● Try it
Set the material down again exactly, line by line, skipping each picture.

● Given material
--------------------------------
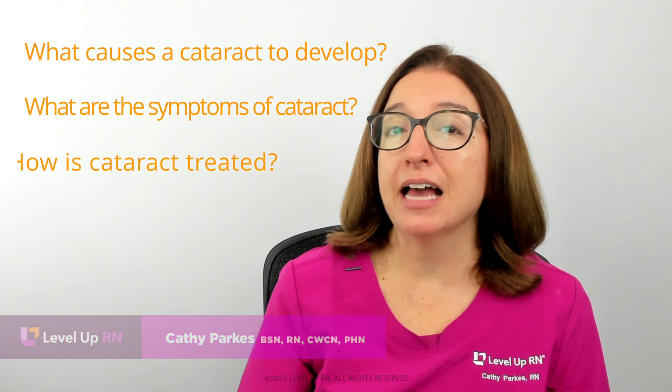Hi, this is Kathy with LoveLuffRN. In this episode of Ask a Nurse, I'll be answering your questions about cataracts, such as what causes a cataract to develop, what are the symptoms of a cataract, and how is a cataract treated.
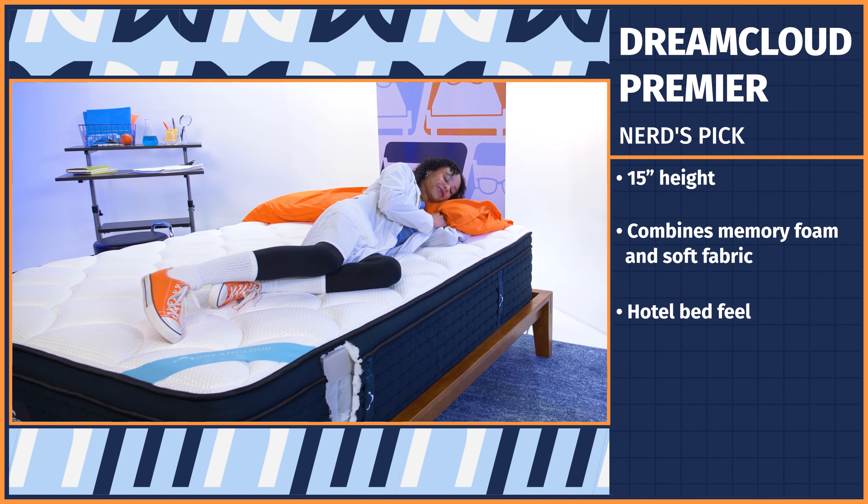A Cal King mattress is perfect for sharing, especially if you and your partner are on the taller side or you share the bed with a furry friend. We think the Nectar is the best fit for couples. Couples usually consider cost, motion isolation, and firmness level when shopping. The Nectar is a strong contender in each of these areas — it's a medium-firm mattress with great motion isolation and is more affordable than similar quality beds on the market.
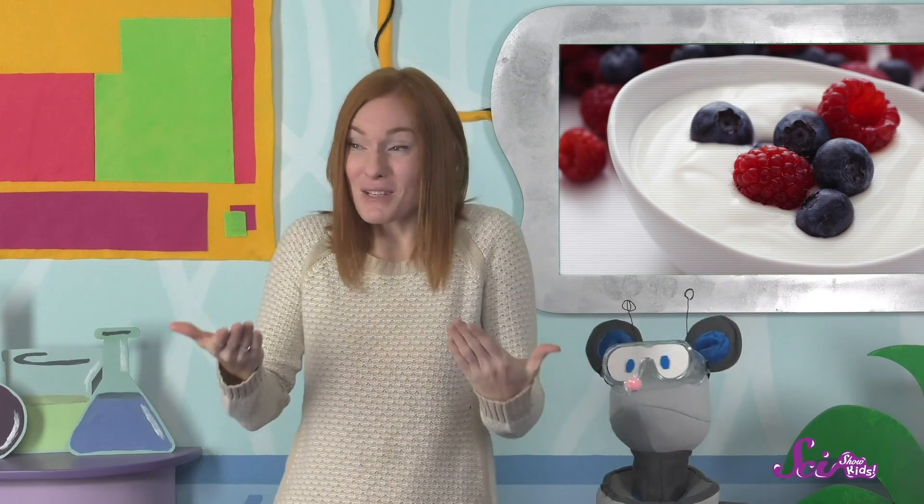You know what one of my favorite snacks is? Yogurt! It's creamy and tangy! Tangy means sort of sour and strong tasting, and I think it's really delicious! Sometimes I'll have some yogurt for breakfast, maybe with some granola sprinkled on top or some fruit mixed in. Or sometimes I'll just have it as a snack! It's so tasty and it's also really good for you!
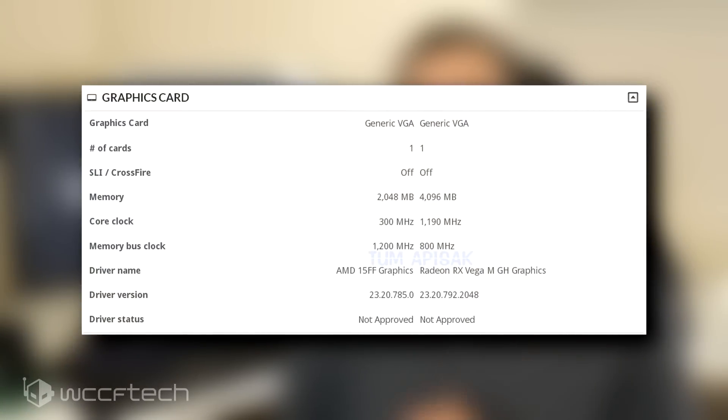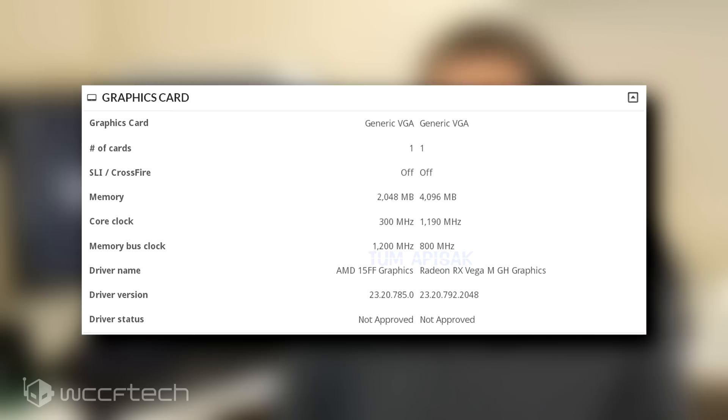The graphics side features 2GB of HBM2 which is clocked at 1200MHz. This may just be the fastest clocked HBM2 VRAM speeds that AMD has featured on their graphics yet. The core clock of the chip is reported at 300MHz, but clearly that's got to be the idle, as the benchmark isn't reporting boost or turbo clocks correctly.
--------------------------------
● Output for this task
Hi, this is Kathy with LoveLuffRN. In this episode of Ask a Nurse, I'll be answering your questions about cataracts, such as what causes a cataract to develop, what are the symptoms of a cataract, and how is a cataract treated.
A Cal King mattress is perfect for sharing, especially if you and your partner are on the taller side or you share the bed with a furry friend. We think the Nectar is the best fit for couples. Couples usually consider cost, motion isolation, and firmness level when shopping. The Nectar is a strong contender in each of these areas — it's a medium-firm mattress with great motion isolation and is more affordable than similar quality beds on the market.
You know what one of my favorite snacks is? Yogurt! It's creamy and tangy! Tangy means sort of sour and strong tasting, and I think it's really delicious! Sometimes I'll have some yogurt for breakfast, maybe with some granola sprinkled on top or some fruit mixed in. Or sometimes I'll just have it as a snack! It's so tasty and it's also really good for you!
The graphics side features 2GB of HBM2 which is clocked at 1200MHz. This may just be the fastest clocked HBM2 VRAM speeds that AMD has featured on their graphics yet. The core clock of the chip is reported at 300MHz, but clearly that's got to be the idle, as the benchmark isn't reporting boost or turbo clocks correctly.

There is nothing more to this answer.